Comme Philippe Pemezec n’a pas manqué de le rappeler à l’audience, rien dans la loi n’interdit formellement à un enfant d’élu de bénéficier d’un logement social. Le maire, ancien vice-président du conseil général et relais historique de Nicolas Sarkozy dans le département, a d’ailleurs annoncé sur son blog qu’il faisait appel (de même que sa fille) d’un jugement incompréhensible « qui institue une véritable discrimination ».
En réalité, tout dépend des conditions d’attribution. Marine Pemezec, alors âgée de 23 ans, avait obtenu un deux-pièces lors de la commission du 9 février 2012. Sur sa fiche, il apparaissait que son dossier avait été déposé le 7 février. Soit deux jours d’attente dans une région où ce délai moyen s’élève à 5 ans…
À l’époque, il nous avait été rétorqué que la date de dépôt du dossier était erronée, due à un bug informatique. Ce qu’a tenté de prouver à l’audience Philippe Pemezec, témoins à l'appui. Mais l’essentiel n’est pas là. Car quelle que soit la date, c’est le personnel de la mairie du Plessis, sur lequel le maire a autorité, qui décide des dossiers à présenter.

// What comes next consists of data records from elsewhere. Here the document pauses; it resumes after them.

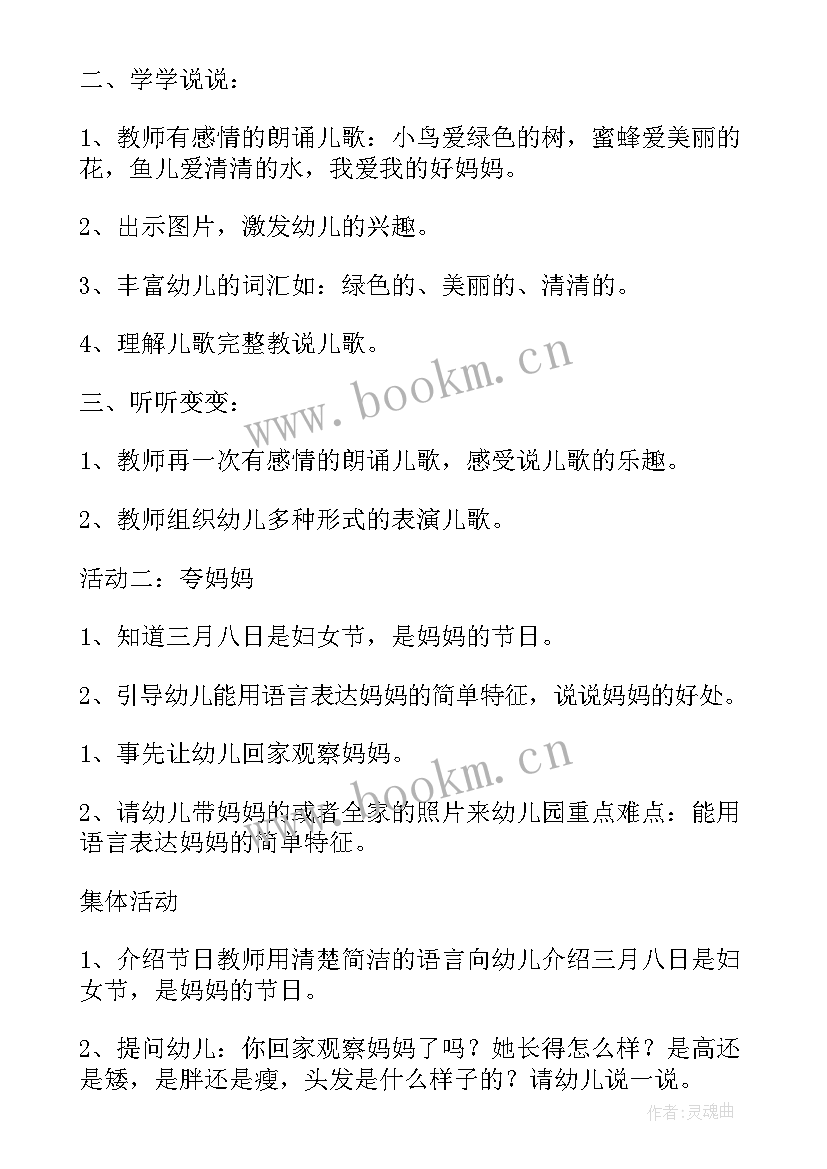 2023年三八节幼儿教师表彰活动方案(汇总7篇)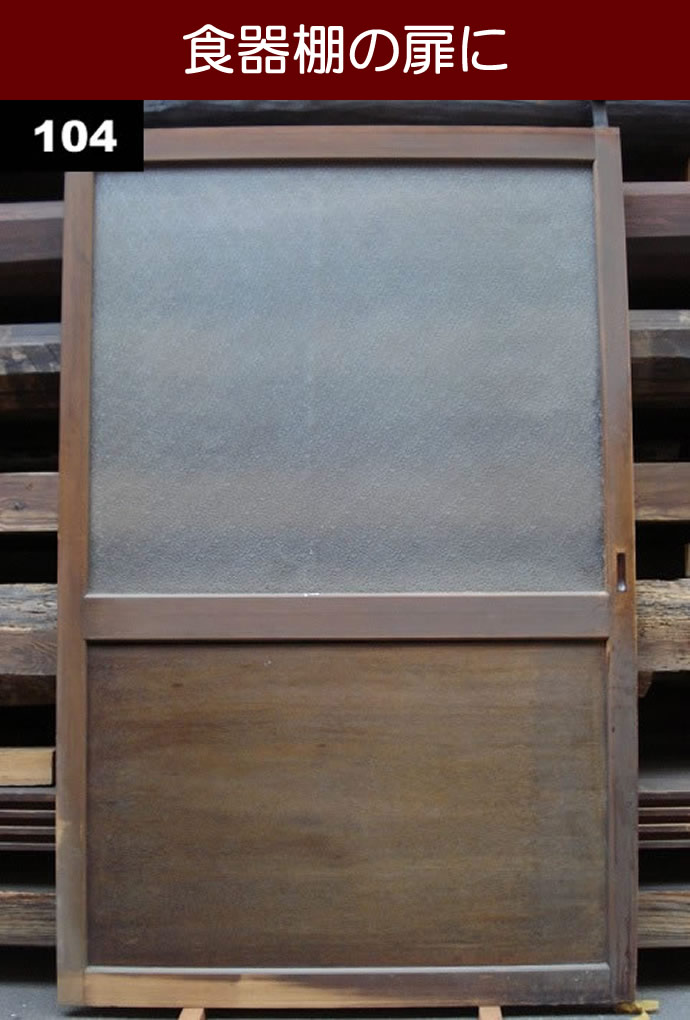 古建具(ガラス戸) KT-G104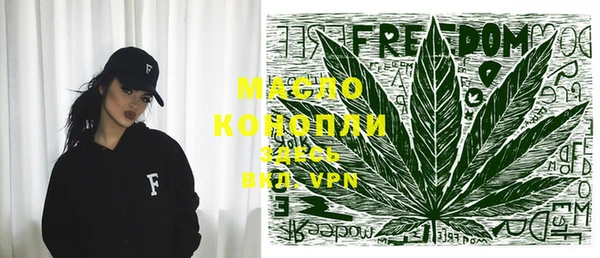 прущие крисы Елабуга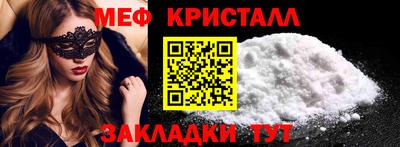 таблы Тулун
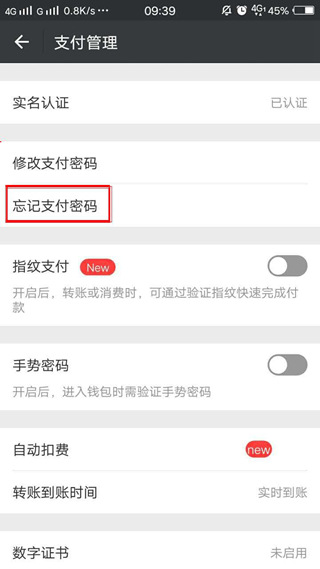 tp钱包忘记密码_钱包忘记密码_tp钱包密码忘了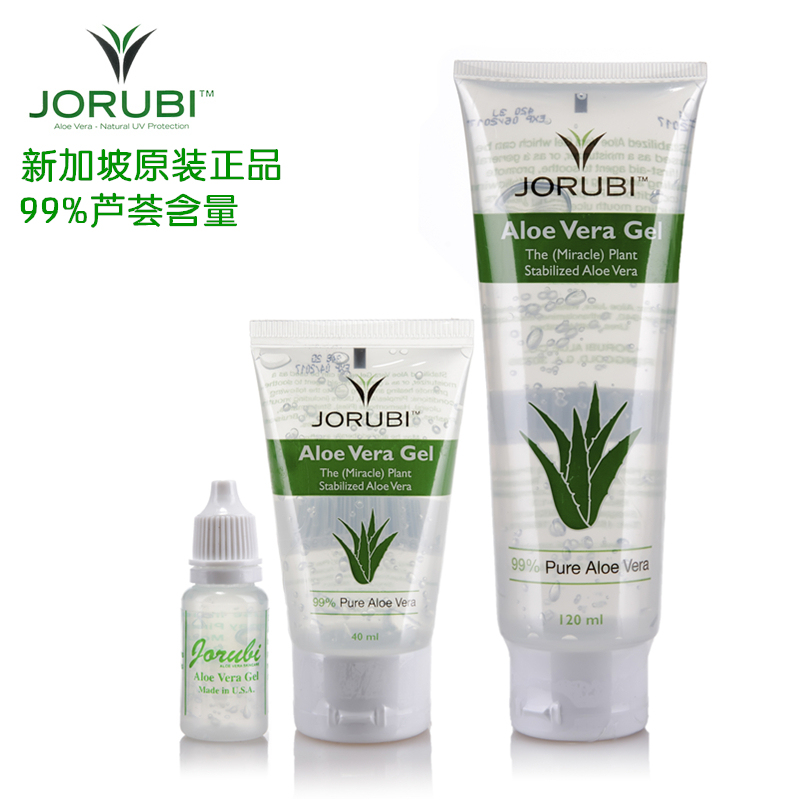 Jorubi Singapore Aloe Vera Gel Acne Treatment No-Rinse Sleeping Singapore Mask Aloe Vera Gel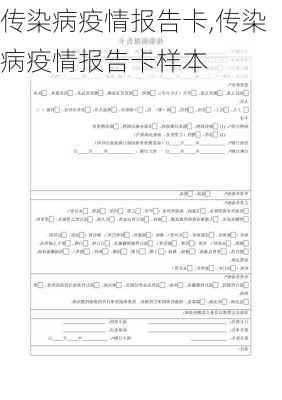 传染病疫情报告卡,传染病疫情报告卡样本-第2张图片-二喜范文网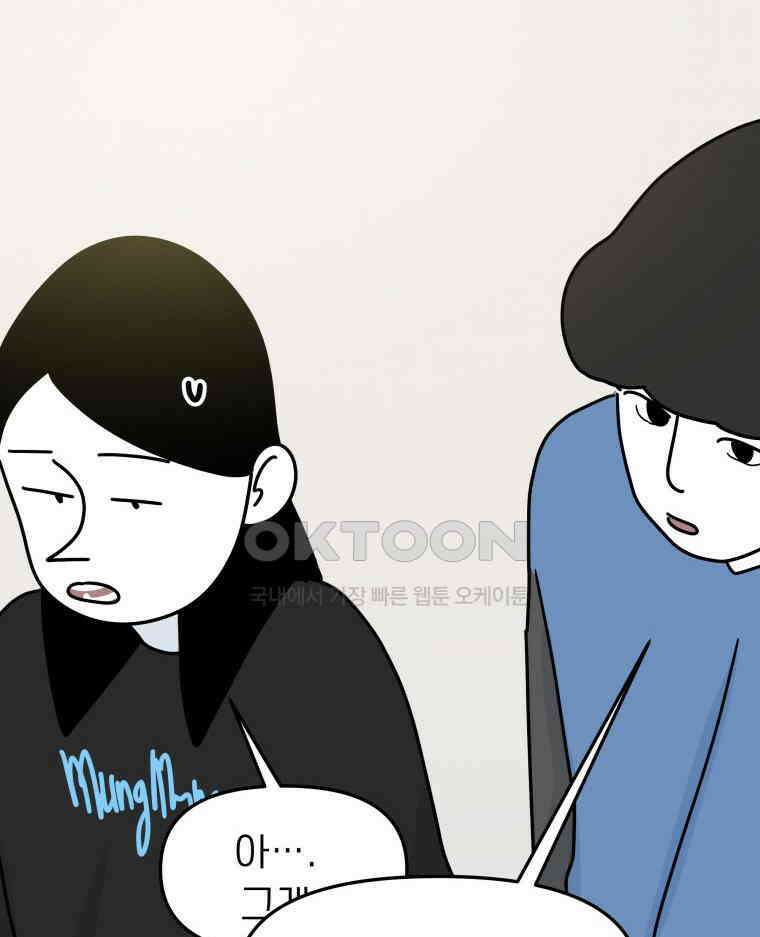 적당한 온도 107화 3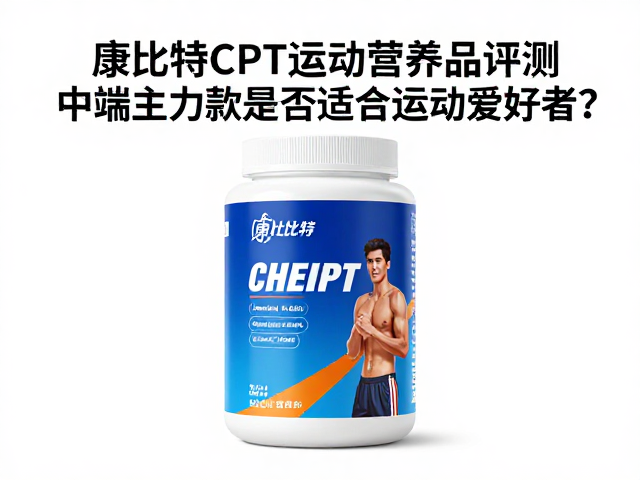 康比特CPT运动营养品评测，中端主力款是否适合运动爱好者？
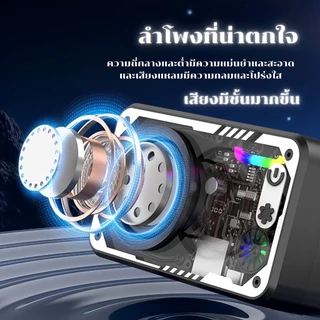 ลำโพงไร้สาย V1 ลําโพงทรงพลัง ไฟ LED 1800mAh แบตเตอรี่ขับเคลื่อนลําโพงขนาดเล็กกลางแจ้งแบบพกพารองรับ TF Card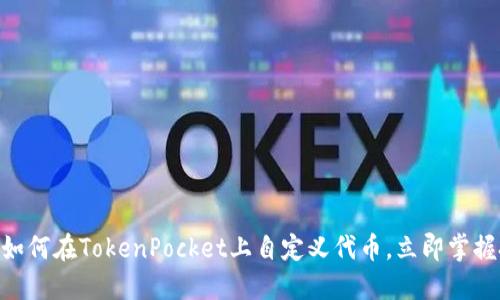 2025必看：如何在TokenPocket上自定义代币，立即掌握投资新机会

Selon le tribunal, il y a donc bien eu passe-droit. « Au vu de sa qualité de membre de la commission d'attribution des logements et maire du Plessis-Robinson, Philippe Pemezec a pris, reçu et conservé un intérêt indirect, soit l'attribution d'un logement social à sa fille, ce qui permettait à cette dernière de quitter le domicile familial à moindre coût, a expliqué Isabelle Prévost-Desprez, présidente de la 15e chambre. Il avait aussi un intérêt direct, puisque cela lui évitait de payer un loyer dans le parc immobilier privé. »
Quelques jours avant l’examen du dossier, le 18 janvier, Philippe Pemezec avait lui-même rédigé l’attestation d’hébergement selon laquelle sa fille habitait bien chez lui. À l’audience, il a expliqué qu’il n’était pas physiquement présent lorsque la commission s’est prononcée. Sa signature figure cependant bien au bas du procès-verbal de l'attribution.
Certainement par le plus grand des hasards, il se trouve que l’appartement de 50 m2 attribué à Marine Pemezec (pour 465 euros par mois), se situe dans un quartier très agréable de la ville. Et quelle coïncidence : il s’accompagne d’une terrasse ! Pas vraiment le genre de « cages à lapins » qui ont pu être construites dans la région dans les années 1970. Au vu de ces éléments, le tribunal a estimé que lorsque un bel appartement s’est libéré, le personnel de la mairie de Robinson a opportunément sélectionné la fille du maire.
Les travaux réalisés dans l’appartement obtenu, financés par les parents du compagnon de Marine Pemezec à hauteur de 3 000 euros, ont convaincu le tribunal de « l'absence de problèmes financiers » des demandeurs. Ils laissent à penser que les jeunes tourtereaux avaient les moyens de se loger dans le privé. Ce qui n’est bien évidemment pas le cas de tous les demandeurs de logement de la ville.
En 2012, quand nous avions laissé un message à Marine Pemezec pour savoir si elle trouvait éthique cette attribution, c’est son père qui nous avait rappelés et menacés : « Si vous vous en prenez à mes enfants, ça va très mal se passer. » Un fils de Philippe Pemezec était également en attente ; inscrit depuis ses 18 ans, histoire de pouvoir faire valoir une certaine ancienneté le cas échéant.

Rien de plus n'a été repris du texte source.